- Opening Delimiter -

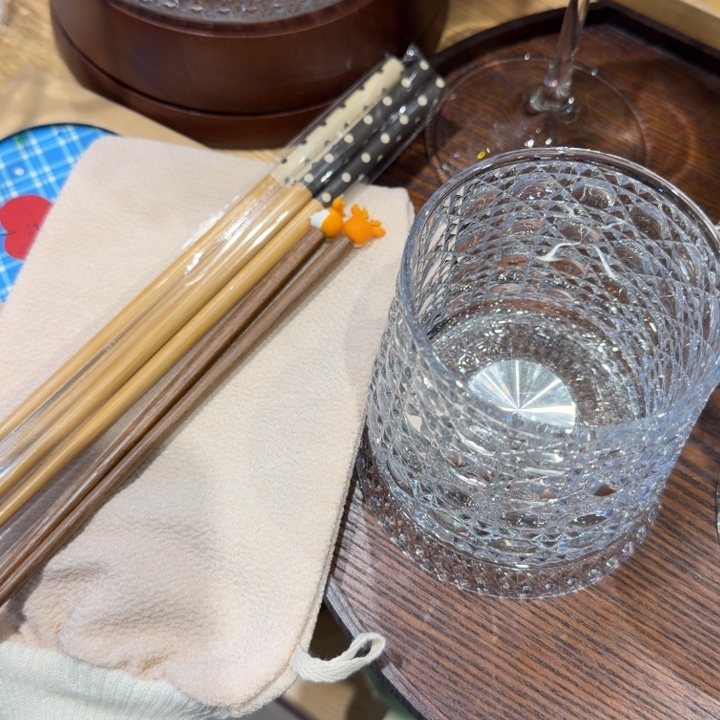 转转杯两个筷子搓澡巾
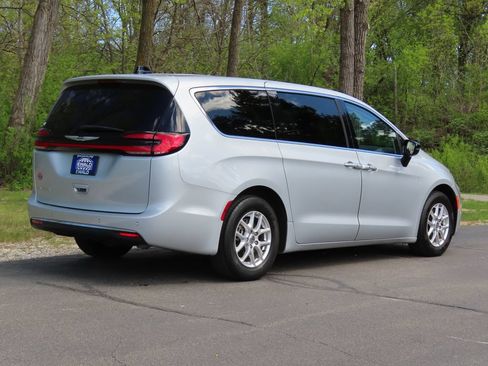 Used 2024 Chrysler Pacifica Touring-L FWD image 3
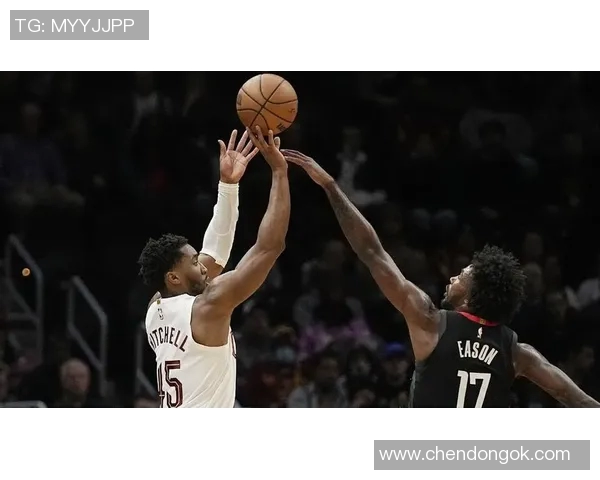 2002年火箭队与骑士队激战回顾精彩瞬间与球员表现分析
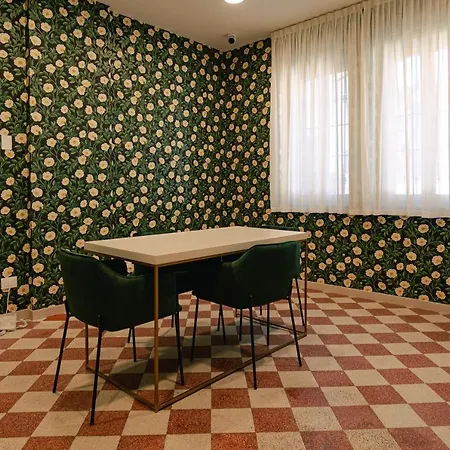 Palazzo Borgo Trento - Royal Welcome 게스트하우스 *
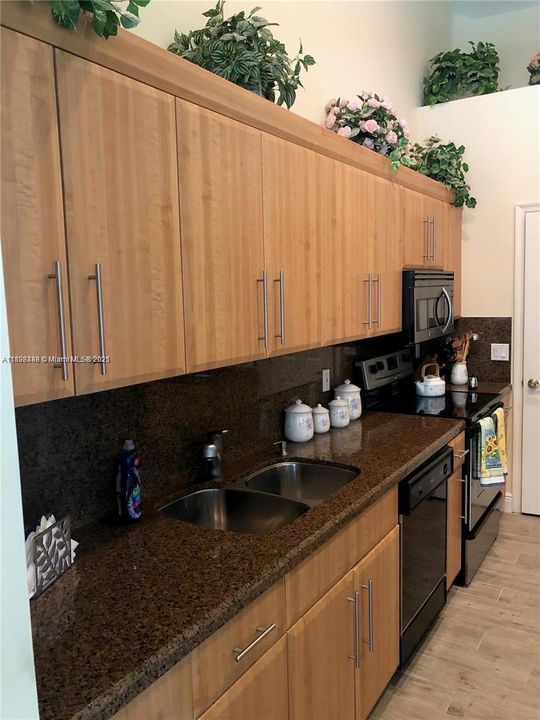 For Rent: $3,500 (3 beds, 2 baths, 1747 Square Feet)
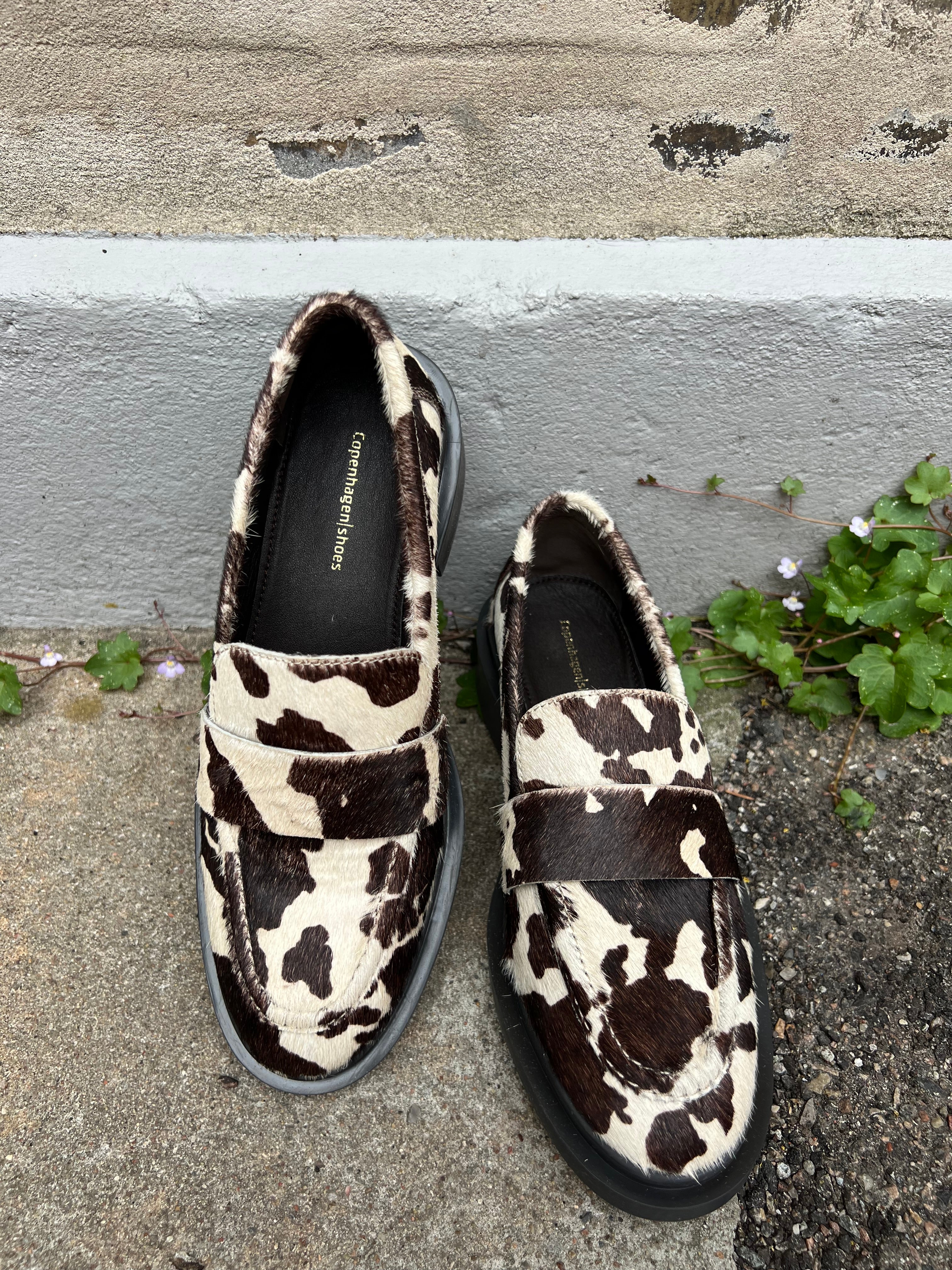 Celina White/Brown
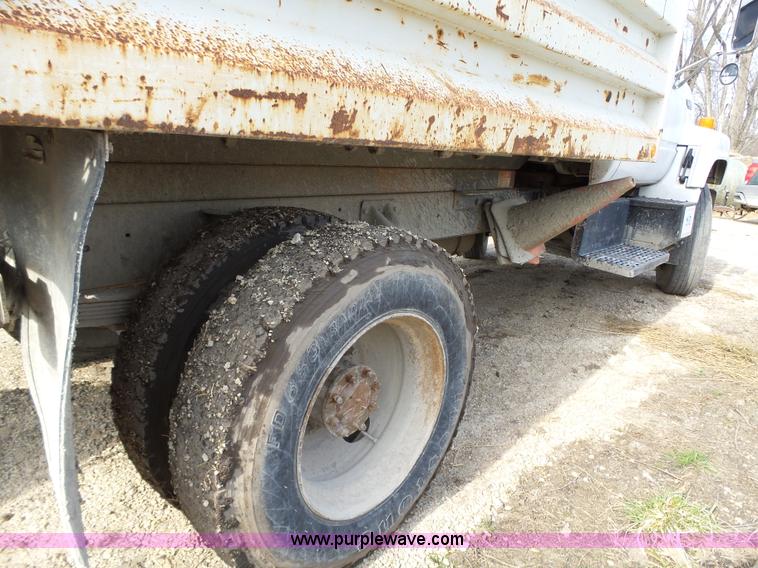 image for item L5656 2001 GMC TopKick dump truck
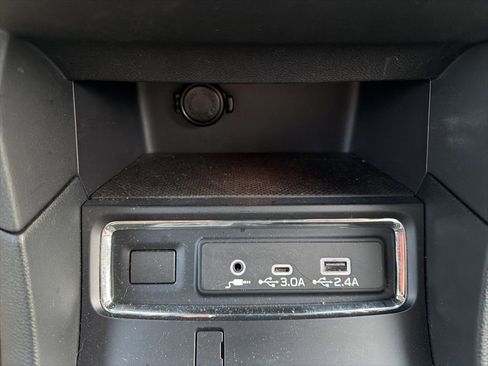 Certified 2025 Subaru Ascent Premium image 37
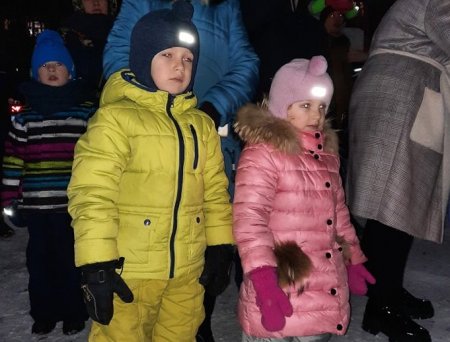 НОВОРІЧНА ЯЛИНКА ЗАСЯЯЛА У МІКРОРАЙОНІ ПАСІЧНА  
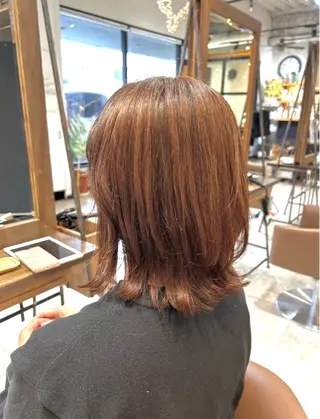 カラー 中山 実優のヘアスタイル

- Closing Delimiter -

• **Assigned task**: Restate word for word the lines starting at the one that contains "Celina White/Brown" and ending at the last line of the data. Skip every picture.

• **Answer to this problem**:
 Celina White/Brown
 image for item L5656 2001 GMC TopKick dump truck
 Certified 2025 Subaru Ascent Premium image 37
 НОВОРІЧНА ЯЛИНКА ЗАСЯЯЛА У МІКРОРАЙОНІ ПАСІЧНА  
 カラー 中山 実優のヘアスタイル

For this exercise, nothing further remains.